In theory prisoners were to be treated honourably, although in practice this depended very much on the exigencies of the moment. Prisoners were regularly exchanged with both Balkan and eastern enemy powers, yet massacres of prisoners were also not unusual, sometimes intended as an especially pointed warning or threat to an enemy, sometimes because of circumstances - the need to move quickly and to avoid burdening one’s own forces with additional mouths to feed, for example.41 Prisoners also played a role in ceremonial, of course, representing a tangible symbol of imperial victory and enemy defeat - Simeonova (Chapter 25). Spies represented, in contrast, a more complicated issue.

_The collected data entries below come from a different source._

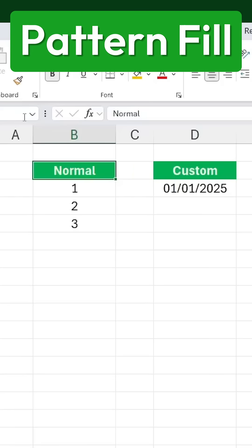Here we have the pattern fill feature. You're already familiar with how Excel detects sequences. For example,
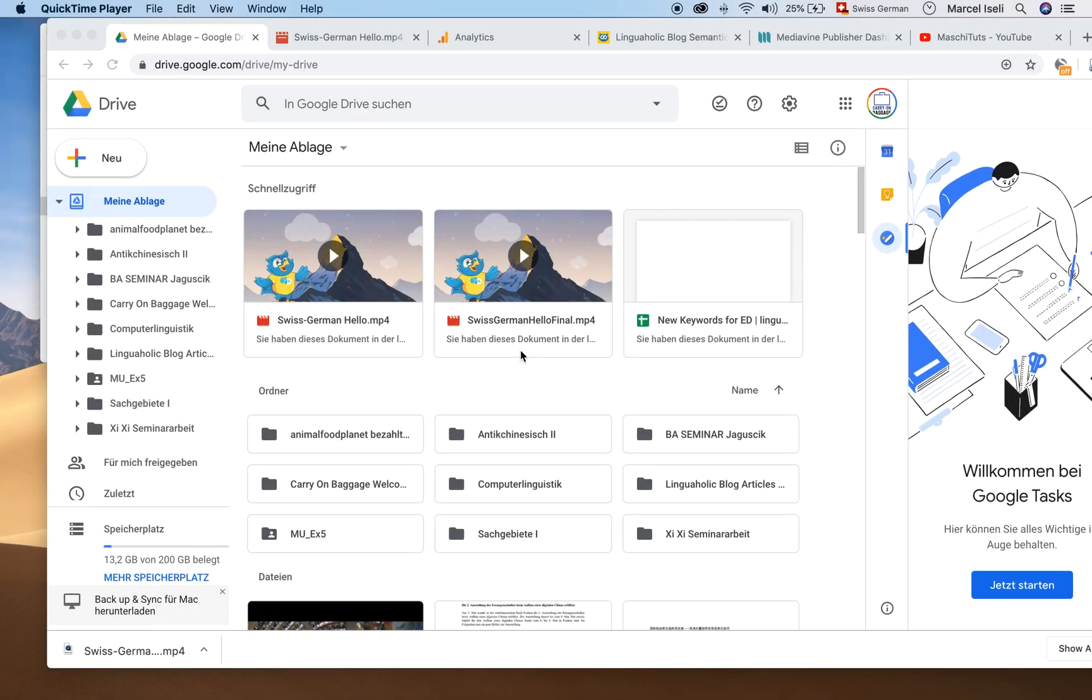Hi guys, this is Maji from Maji Toots. Just a very short tutorial on how you can embed your Google Drive videos into your website.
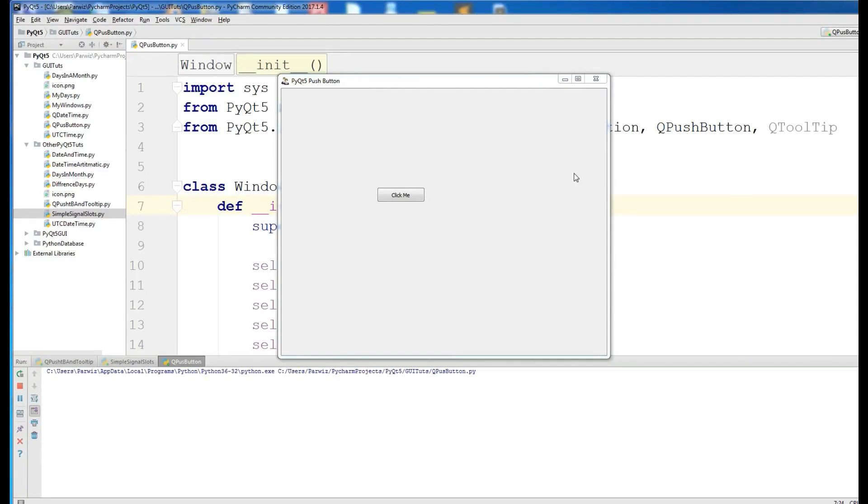Hello friends, I'm Parvez, and this is our seventh video in PyQt5 GUI programming.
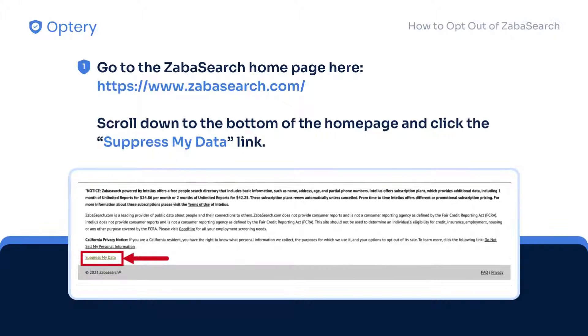To opt out from ZabaSearch, first go to their website. Scroll down to the bottom of the homepage and click the Suppress My Data link.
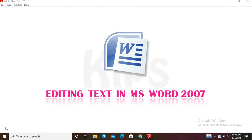Good morning students. Today we start with our new lesson — Lesson Number 5: Editing Text in MS Word 2007.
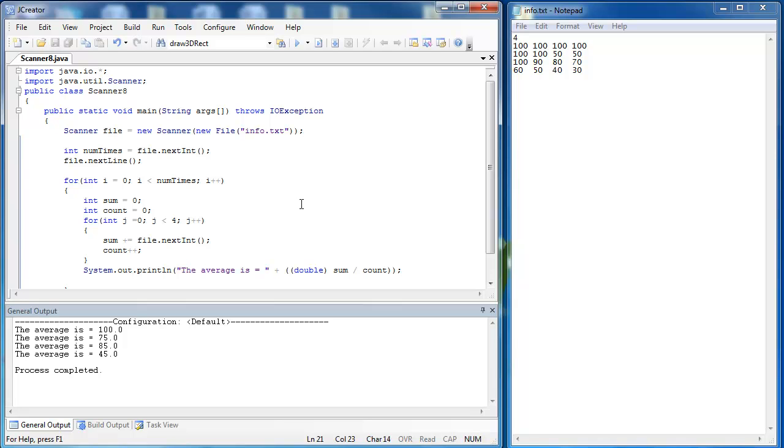So this video showed you how to take in information using a file where data is ordered in a certain way.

Byzantine military treatises speak of spies as a regular, usual and entirely necessary aspect of warmaking, but were also keenly aware of the dangers of spies in one’s own camp - whether traitors, or prisoners who had deliberately surrendered in order to gather intelligence, or passing merchants. While the information to be gleaned from the sources is not particularly full, enough evidence can be extracted to give some idea of how spies were employed and how they were regarded and treated at certain periods - Koutrakou (Chapter 24).42
Byzantium made war against its enemies over a period of some 700 years, from the seventh to the fourteenth and fifteenth centuries. In this sense, we might also assert that war made Byzantium what it was. The essays collected in this volume represent work over the last twenty five or so years on many of the key aspects of Byzantine warfare, and will offer the reader a way into some of the most important areas of the study of Byzantium. The study of the Byzantine military, of warfare and of organising for war, in all their complexity, can only be properly understood in the context of Byzantine culture, society and economy as a whole, and it is hoped that the essays that follow will provide the reader with an adequate introduction.